» ASSIGNMENT: Each line below needs to be returned exactly. Skip any picture.

» SUPPLIED INFORMATION:
★ ★ ★

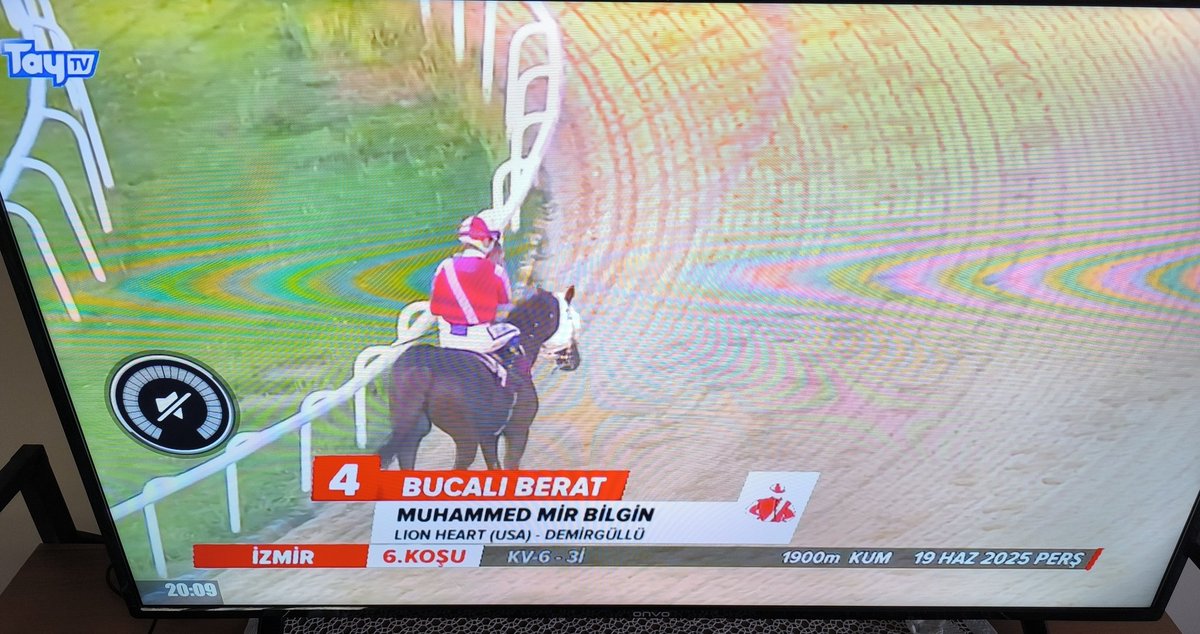 Boşuna kral demiyoruz... yarışı izleyin görün jokeylik nedir...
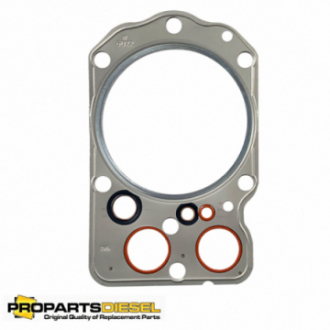 USZCZELKA GŁOWICY...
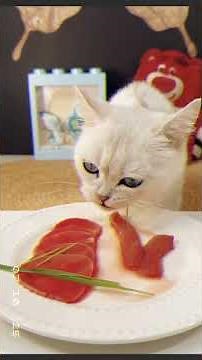 Cat dinner time 😋 😁 “Cute Cat Eating Food 🐱🍲 | Meow Meals | Relaxing Cat Mukbang & ASMR”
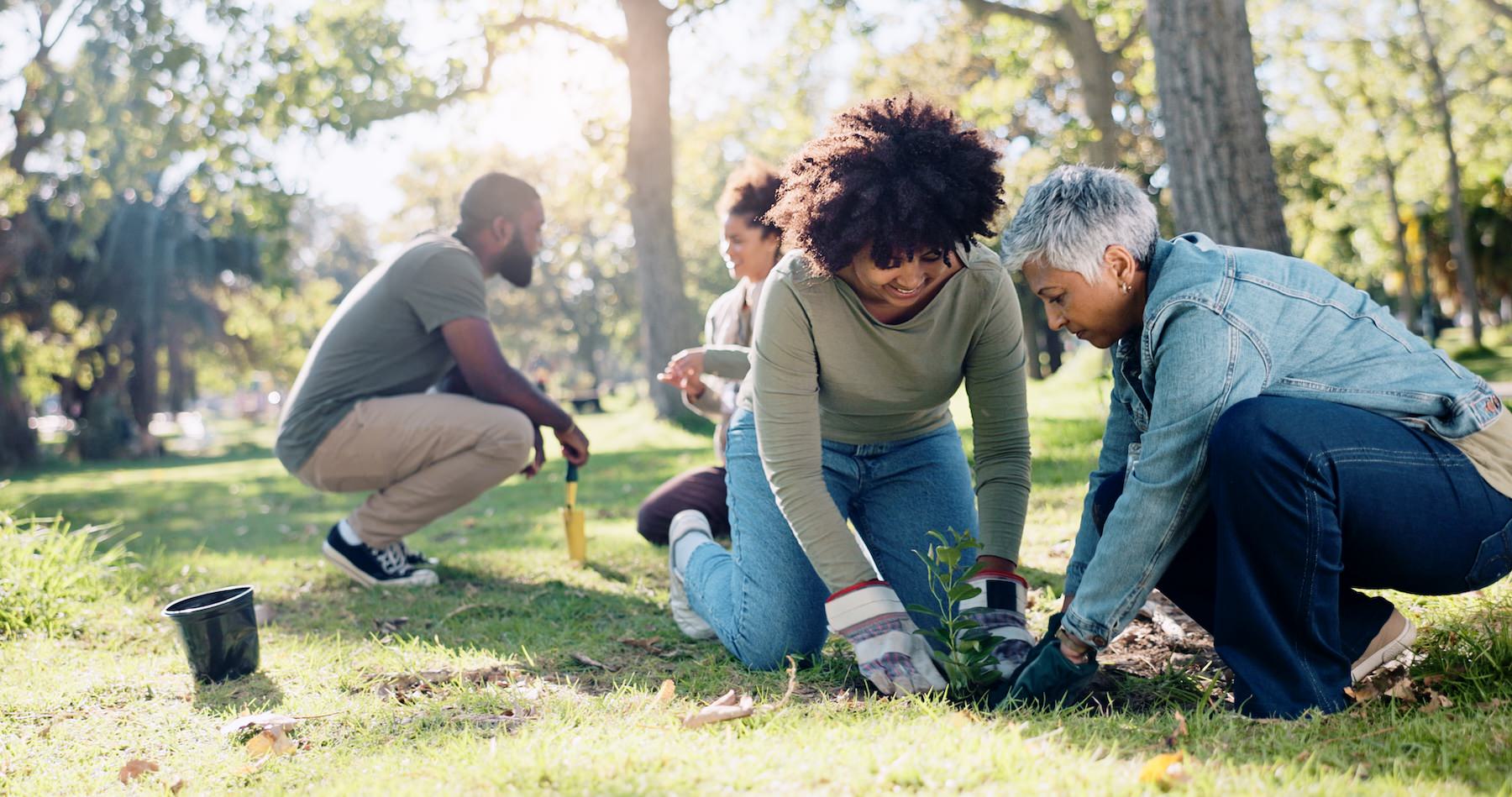 people gardening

★ ★ ★

» EXERCISE SOLUTION:
 Boşuna kral demiyoruz... yarışı izleyin görün jokeylik nedir...
 USZCZELKA GŁOWICY...
 Cat dinner time 😋 😁 “Cute Cat Eating Food 🐱🍲 | Meow Meals | Relaxing Cat Mukbang & ASMR”
 people gardening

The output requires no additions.